In investigating this problem I found that the thermal switch in the radiator had died and some previous owner had decided to ground the fan wire instead of replace the $28 switch. It was a simple matter to get a new radiator thermal switch and rewire the fan. The second fan had also been grounded. I traced that back to the dashboard, and there I found lots of old dirty connectors that had built up resistance and overheated, causing some of the plastic connectors to show signs of melting. All of those connectors had to be replaced, and all of the contacts were cleaned up.

At that same time I decided to replace the dashboard top, which looked horrible. It was shrunken, faded, and stained. I tried to find a fabric that was close to the original, and recovered the dashboard. I wasn't happy with the result. It wasn't simply that the fabric didn't match. It was close but didn't match and that's worse than having a completely different color. It looked cheap and just wrong. And that's where the whole project stalled.

Three weekends ago I resolved to put the interior back together but I had to improve the dashboard top. I went to the fabric store and found a nice, black ultrasuede. (Actually, that's a brand name, and I'm not sure if the fabric is really UltrasuedeTM.) The material looks great and works well on the dashboard. Here are the fabrics:

Once I had redone the top and liked the result, I spent the next two weekends checking the wires and reinstalling the dashboard. Although it looks a bit intimidating, the wiring is really pretty simple. There are just a lot of parts to get back in the right place.

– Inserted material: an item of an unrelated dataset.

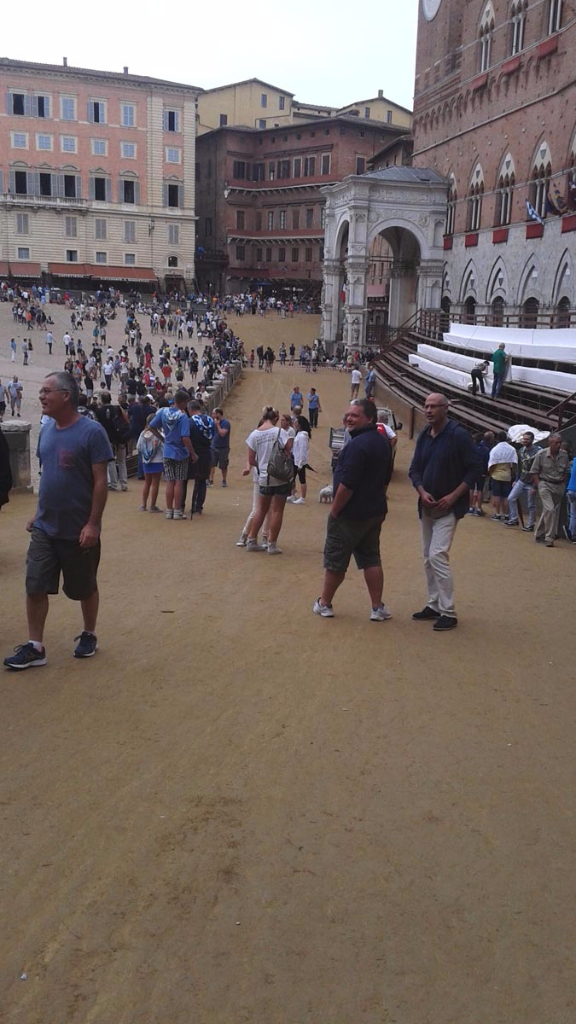 Manifestazione contro il Palio di Siena - 16.08.2015 immagini e video 2015 457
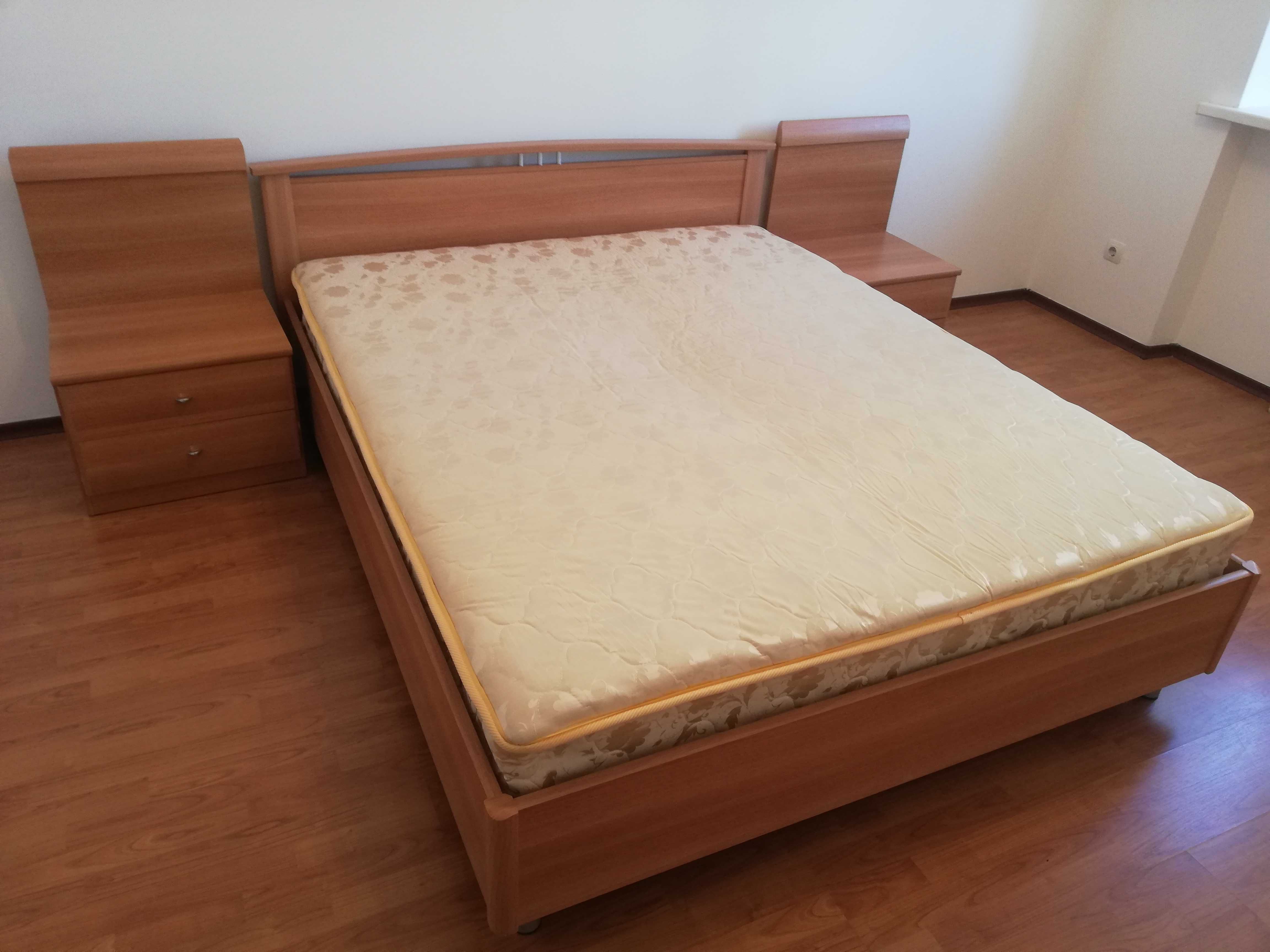 продается в отличном состояний кровать, 2 прикроватные тумбы и трюмо.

And here's how it looks today. Not only the dashboard, but the air conditioning and the center console between the seats were installed.

The wires hanging out below the radio are for that second radiator fan and the brake test lamp/switch. I'm still testing those. I also need a boot for the shift lever. The original is torn.

Here's a picture from the driver's seat. I haven't seen this for years.

Next weekend I'll finish reinstalling the interior. The "rear seats" (if they can be called seats) need to go back in, and then I'll clean the whole interior. I'm not sure what to do about the driver's seat. The center is a fuzzy fabric and the sides are leather. A lot of the fuzziness has worn off the seat bottom, and the leather dye has faded and there are a few age cracks. Since I'm selling the car it doesn't make financial sense for me to spend the $7k or so to redo the interior - I don't think I'd get that much more for the car. But I really don't like the condition of the driver's seat. I'll have to see what I can do about it. Maybe I can just redo the seats, but it's a slippery slope. Now the dashtop looks great (and will go better with an orange/red car), but by comparison the dash looks old. If I redo the seats, the rest of the interior will look its age.

I'm still thinking Lamborghini red/orange for the exterior (although personally I still like yellow). The "lobster" or "pumpkin" color is very nice, and "safer" for sale without being YARIC. (Yet Another Red Italian Car.)